### Dataset excerpts

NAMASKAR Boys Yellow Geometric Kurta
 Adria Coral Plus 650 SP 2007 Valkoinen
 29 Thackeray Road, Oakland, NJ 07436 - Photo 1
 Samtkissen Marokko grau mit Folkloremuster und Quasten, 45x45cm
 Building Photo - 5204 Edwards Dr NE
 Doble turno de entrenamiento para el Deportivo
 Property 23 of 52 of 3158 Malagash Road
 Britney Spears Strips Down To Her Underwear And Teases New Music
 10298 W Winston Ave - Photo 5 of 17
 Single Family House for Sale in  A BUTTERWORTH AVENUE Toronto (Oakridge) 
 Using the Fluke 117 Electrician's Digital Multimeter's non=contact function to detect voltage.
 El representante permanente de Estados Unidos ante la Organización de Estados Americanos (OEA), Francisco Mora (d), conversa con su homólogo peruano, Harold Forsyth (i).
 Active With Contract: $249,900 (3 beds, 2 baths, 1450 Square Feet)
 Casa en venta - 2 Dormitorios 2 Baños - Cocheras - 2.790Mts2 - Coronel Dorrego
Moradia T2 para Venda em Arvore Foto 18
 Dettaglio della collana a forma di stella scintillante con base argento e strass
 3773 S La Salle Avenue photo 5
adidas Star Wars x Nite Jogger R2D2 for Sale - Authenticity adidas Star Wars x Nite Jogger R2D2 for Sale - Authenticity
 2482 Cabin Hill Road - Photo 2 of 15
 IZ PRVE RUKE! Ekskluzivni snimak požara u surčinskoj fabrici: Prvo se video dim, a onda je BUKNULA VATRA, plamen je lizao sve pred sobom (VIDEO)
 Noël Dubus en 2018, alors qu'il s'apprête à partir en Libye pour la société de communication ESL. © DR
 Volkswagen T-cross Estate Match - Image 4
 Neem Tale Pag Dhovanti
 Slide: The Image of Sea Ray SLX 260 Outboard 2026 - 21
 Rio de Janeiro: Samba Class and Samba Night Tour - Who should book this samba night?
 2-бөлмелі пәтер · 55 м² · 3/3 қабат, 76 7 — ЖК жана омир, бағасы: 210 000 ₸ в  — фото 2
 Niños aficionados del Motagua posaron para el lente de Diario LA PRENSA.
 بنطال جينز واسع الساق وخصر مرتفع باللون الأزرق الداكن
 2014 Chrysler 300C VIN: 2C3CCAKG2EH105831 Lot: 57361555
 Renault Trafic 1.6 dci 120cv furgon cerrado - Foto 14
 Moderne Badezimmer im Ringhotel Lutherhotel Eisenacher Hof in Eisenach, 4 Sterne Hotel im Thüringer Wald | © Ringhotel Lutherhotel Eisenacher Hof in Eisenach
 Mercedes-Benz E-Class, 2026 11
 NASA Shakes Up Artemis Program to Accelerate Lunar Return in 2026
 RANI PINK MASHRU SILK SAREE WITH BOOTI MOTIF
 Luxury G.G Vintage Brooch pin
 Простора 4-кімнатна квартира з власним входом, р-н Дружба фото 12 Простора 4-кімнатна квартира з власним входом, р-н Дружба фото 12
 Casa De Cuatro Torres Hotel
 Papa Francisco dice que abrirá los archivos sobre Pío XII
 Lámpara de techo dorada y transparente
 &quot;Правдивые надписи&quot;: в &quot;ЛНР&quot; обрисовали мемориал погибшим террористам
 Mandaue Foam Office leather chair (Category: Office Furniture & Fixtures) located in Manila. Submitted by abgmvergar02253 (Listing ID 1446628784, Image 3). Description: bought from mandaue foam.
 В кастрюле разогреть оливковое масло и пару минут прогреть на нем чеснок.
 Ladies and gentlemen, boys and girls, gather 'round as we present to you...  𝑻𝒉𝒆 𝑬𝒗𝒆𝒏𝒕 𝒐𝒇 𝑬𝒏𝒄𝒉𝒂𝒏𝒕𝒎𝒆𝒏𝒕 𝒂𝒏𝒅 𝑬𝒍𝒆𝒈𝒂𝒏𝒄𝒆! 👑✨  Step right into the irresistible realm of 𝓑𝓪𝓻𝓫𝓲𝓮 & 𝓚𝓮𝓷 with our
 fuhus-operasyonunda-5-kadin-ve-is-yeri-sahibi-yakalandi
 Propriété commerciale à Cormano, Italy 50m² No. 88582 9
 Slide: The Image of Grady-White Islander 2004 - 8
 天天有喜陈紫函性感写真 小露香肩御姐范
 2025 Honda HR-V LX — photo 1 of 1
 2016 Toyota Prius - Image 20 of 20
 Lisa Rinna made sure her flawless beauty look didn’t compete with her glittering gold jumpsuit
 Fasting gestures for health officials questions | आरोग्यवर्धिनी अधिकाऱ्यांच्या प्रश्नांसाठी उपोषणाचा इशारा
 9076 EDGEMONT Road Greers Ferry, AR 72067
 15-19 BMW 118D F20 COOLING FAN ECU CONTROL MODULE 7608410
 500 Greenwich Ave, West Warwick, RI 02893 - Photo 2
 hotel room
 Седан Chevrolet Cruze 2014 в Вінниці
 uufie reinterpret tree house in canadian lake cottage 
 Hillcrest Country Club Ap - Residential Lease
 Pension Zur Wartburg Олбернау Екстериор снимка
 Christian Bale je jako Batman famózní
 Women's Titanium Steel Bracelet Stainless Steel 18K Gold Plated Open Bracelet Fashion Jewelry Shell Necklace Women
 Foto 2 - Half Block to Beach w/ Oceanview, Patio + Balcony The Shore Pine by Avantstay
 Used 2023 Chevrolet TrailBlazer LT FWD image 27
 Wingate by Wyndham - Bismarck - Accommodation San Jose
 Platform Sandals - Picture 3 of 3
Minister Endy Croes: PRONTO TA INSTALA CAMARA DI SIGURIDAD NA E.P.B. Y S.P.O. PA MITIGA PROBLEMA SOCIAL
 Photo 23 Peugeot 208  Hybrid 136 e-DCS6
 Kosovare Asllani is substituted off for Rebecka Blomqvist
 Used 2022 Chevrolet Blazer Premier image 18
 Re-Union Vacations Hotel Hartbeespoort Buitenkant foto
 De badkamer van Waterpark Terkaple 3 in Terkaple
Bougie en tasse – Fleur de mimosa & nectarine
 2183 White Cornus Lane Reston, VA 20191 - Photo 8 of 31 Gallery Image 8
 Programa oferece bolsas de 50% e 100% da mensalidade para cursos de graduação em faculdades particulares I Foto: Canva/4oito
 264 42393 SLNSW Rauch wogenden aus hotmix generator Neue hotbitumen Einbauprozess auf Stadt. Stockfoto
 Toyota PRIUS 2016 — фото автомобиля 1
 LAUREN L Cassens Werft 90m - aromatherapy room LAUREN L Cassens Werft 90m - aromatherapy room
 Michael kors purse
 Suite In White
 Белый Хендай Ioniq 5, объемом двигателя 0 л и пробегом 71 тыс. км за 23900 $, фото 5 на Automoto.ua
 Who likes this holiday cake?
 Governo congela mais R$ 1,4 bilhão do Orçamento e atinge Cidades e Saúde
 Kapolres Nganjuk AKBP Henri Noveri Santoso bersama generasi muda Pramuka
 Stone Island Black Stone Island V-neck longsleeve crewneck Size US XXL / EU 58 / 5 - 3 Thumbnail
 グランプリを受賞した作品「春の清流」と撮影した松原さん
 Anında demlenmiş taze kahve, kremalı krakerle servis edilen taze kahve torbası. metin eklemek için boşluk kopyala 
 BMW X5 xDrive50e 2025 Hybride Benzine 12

### Task statement
Please copy, word for word, every line from the first line of the records through the line containing "2014 Chrysler 300C", with both of those lines included and nothing else.

### Result of the task
NAMASKAR Boys Yellow Geometric Kurta
 Adria Coral Plus 650 SP 2007 Valkoinen
 29 Thackeray Road, Oakland, NJ 07436 - Photo 1
 Samtkissen Marokko grau mit Folkloremuster und Quasten, 45x45cm
 Building Photo - 5204 Edwards Dr NE
 Doble turno de entrenamiento para el Deportivo
 Property 23 of 52 of 3158 Malagash Road
 Britney Spears Strips Down To Her Underwear And Teases New Music
 10298 W Winston Ave - Photo 5 of 17
 Single Family House for Sale in  A BUTTERWORTH AVENUE Toronto (Oakridge) 
 Using the Fluke 117 Electrician's Digital Multimeter's non=contact function to detect voltage.
 El representante permanente de Estados Unidos ante la Organización de Estados Americanos (OEA), Francisco Mora (d), conversa con su homólogo peruano, Harold Forsyth (i).
 Active With Contract: $249,900 (3 beds, 2 baths, 1450 Square Feet)
 Casa en venta - 2 Dormitorios 2 Baños - Cocheras - 2.790Mts2 - Coronel Dorrego
Moradia T2 para Venda em Arvore Foto 18
 Dettaglio della collana a forma di stella scintillante con base argento e strass
 3773 S La Salle Avenue photo 5
adidas Star Wars x Nite Jogger R2D2 for Sale - Authenticity adidas Star Wars x Nite Jogger R2D2 for Sale - Authenticity
 2482 Cabin Hill Road - Photo 2 of 15
 IZ PRVE RUKE! Ekskluzivni snimak požara u surčinskoj fabrici: Prvo se video dim, a onda je BUKNULA VATRA, plamen je lizao sve pred sobom (VIDEO)
 Noël Dubus en 2018, alors qu'il s'apprête à partir en Libye pour la société de communication ESL. © DR
 Volkswagen T-cross Estate Match - Image 4
 Neem Tale Pag Dhovanti
 Slide: The Image of Sea Ray SLX 260 Outboard 2026 - 21
 Rio de Janeiro: Samba Class and Samba Night Tour - Who should book this samba night?
 2-бөлмелі пәтер · 55 м² · 3/3 қабат, 76 7 — ЖК жана омир, бағасы: 210 000 ₸ в  — фото 2
 Niños aficionados del Motagua posaron para el lente de Diario LA PRENSA.
 بنطال جينز واسع الساق وخصر مرتفع باللون الأزرق الداكن
 2014 Chrysler 300C VIN: 2C3CCAKG2EH105831 Lot: 57361555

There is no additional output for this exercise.